### Information shown:
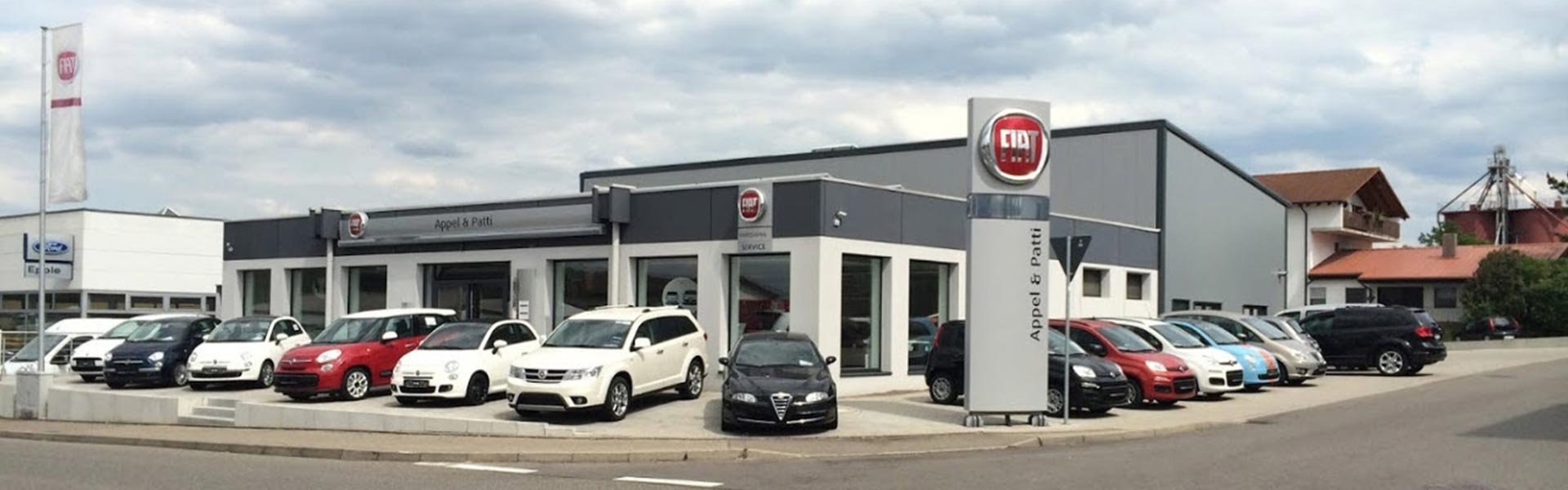 Camping Autohaus Appel & Patti GbR 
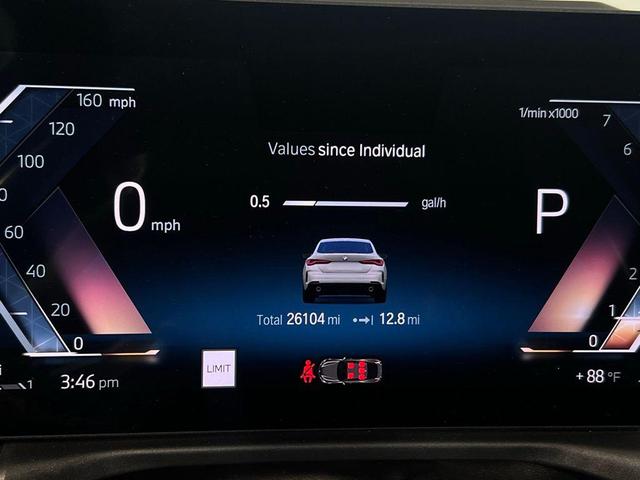 Photo of 2024 Mineral White Metallic BMW 430 Gran Coupe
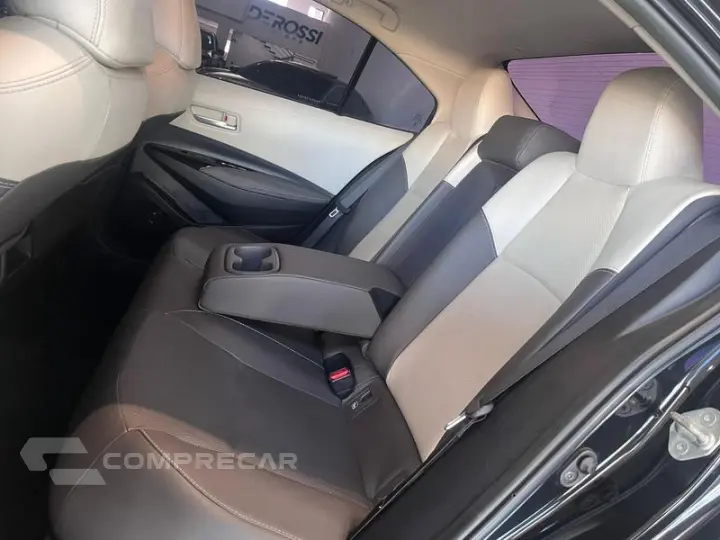 COROLLA ALTIS/A.PREMIU. 2.0 FLEX 16V AUT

### What is expected:
An exact transcription of the material is required, without any pictures.

### Result:
 Camping Autohaus Appel & Patti GbR 
 Photo of 2024 Mineral White Metallic BMW 430 Gran Coupe
 COROLLA ALTIS/A.PREMIU. 2.0 FLEX 16V AUT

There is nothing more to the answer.